Malgré les intimidations et menaces de toutes sortes, dont la perte de nationalité par la Chancellerie dominicaine, elle ne démord pas. Elle s'appelle Sonia Pierre. Elle est dans la réalité ce qu'est Annaïse, personnage fictif de Roumain dans Gouverneurs de la Rosée. Comme Annaïse, la veuve de Manuel, Sonia « porte demain ». Mais qui fait le rapprochement de ces deux héroïnes, l'une réelle, l'autre fictive, lorsqu'on commémore en grande pompe le centième anniversaire de naissance de Jacques Roumain à Santo Domingo. On doit dit-on, réparer l'action injuste de Trujillo tout en ignorant que Roumain défendait le sort inhumain des paysans agricoles en RD non pas sa propre personne. Or, Jacques Roumain est la carnation ou la réincarnation d'une « idée-force » contre l'occupation, le colonialisme, le néo-colonialisme, la dictature l'impérialisme.Cette même idée –force qui, de l492 à nos jours, traverse l'histoire de notre pays. Comme nous l'avons dit ailleurs ,de l492 à l920, elle adopte la lutte armée comme stratégie. Elle est tout à tour incarnée par Caonabo, cacique Henri, Boukman, les marrons, Toussaint, Dessalines et les autres héros de l'indépendance, Acaau, Charlemagne Péralte et Benoît Batraville. A partir de l929, cette idée-force incarnée par Roumain et le mouvement patriotique adopte une nouvelle tactique - la grève et les manifestations de rue – utilisée avec succès contre l'occupation et des dictatures .La cause que défendait Roumain en l937 et que défend aujourd'hui Sonia Pierre demeure néanmoins « un incident sans importance »

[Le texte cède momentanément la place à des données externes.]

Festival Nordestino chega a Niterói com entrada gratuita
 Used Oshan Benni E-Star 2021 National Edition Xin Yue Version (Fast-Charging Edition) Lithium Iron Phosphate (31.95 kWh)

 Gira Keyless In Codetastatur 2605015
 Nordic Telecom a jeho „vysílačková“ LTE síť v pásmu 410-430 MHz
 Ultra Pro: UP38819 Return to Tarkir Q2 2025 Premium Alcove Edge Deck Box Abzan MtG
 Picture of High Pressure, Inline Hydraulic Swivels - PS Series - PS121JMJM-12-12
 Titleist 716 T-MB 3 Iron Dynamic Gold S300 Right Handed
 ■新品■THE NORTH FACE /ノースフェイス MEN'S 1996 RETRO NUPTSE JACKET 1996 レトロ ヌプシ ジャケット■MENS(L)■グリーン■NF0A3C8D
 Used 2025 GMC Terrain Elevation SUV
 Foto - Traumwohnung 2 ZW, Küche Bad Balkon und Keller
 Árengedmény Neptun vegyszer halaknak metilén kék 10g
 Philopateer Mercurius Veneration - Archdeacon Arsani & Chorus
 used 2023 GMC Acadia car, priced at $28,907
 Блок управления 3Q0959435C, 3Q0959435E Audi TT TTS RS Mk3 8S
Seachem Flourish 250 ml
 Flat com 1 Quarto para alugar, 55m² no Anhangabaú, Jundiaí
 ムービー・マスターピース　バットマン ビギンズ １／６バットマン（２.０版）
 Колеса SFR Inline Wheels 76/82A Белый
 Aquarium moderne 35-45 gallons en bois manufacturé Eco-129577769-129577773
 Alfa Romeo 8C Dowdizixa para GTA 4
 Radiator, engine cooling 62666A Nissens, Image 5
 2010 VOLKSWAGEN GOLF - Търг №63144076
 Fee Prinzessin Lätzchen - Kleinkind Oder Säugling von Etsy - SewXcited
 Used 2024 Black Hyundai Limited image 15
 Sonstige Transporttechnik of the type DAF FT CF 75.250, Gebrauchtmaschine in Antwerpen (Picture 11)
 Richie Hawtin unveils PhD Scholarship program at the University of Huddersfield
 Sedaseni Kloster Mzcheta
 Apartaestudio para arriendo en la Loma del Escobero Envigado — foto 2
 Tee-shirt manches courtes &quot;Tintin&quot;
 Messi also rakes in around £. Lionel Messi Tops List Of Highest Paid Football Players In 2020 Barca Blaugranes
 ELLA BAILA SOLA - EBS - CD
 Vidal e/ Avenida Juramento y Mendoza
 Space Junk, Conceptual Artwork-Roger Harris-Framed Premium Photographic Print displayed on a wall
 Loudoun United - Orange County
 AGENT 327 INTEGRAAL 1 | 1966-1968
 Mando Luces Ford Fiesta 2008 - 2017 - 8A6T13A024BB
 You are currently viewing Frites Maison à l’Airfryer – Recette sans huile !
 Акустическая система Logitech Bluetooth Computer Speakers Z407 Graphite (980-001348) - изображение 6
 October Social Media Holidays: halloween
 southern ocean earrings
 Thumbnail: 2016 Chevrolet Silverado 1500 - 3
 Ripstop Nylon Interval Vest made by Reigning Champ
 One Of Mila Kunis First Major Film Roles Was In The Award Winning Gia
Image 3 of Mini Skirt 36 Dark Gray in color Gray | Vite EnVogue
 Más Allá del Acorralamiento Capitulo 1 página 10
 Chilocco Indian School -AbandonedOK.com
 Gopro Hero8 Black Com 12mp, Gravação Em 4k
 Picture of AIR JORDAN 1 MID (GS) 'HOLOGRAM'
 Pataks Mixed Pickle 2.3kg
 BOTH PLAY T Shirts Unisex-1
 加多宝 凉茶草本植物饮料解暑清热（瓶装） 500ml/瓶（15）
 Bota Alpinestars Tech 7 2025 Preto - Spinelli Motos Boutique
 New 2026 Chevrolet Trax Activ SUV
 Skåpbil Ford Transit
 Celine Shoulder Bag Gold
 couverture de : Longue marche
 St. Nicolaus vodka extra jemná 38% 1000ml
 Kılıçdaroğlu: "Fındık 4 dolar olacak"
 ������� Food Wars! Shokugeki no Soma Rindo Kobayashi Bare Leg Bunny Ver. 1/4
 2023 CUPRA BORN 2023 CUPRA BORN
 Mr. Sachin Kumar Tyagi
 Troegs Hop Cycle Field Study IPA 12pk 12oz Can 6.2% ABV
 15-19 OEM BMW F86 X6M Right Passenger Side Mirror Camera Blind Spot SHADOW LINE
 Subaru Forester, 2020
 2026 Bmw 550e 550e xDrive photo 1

Il faut, à l'occasion du centième anniversaire de naissance de Roumain, que les forces saines d'Haiti et de la diaspora se solidarisent avec Sonia Pierre.et mettent également sur pied un programme structuré pour la libération du pays sans retomber dans l'anarchie.

Au fond, il est évident que la misère et l'oppression des masses en Haiti les contraignent à s'enfuir dans l'espoir d'un sort meilleur. C'est donc en Haiti qu'il faut mettre fin à leur misère et à leur oppression.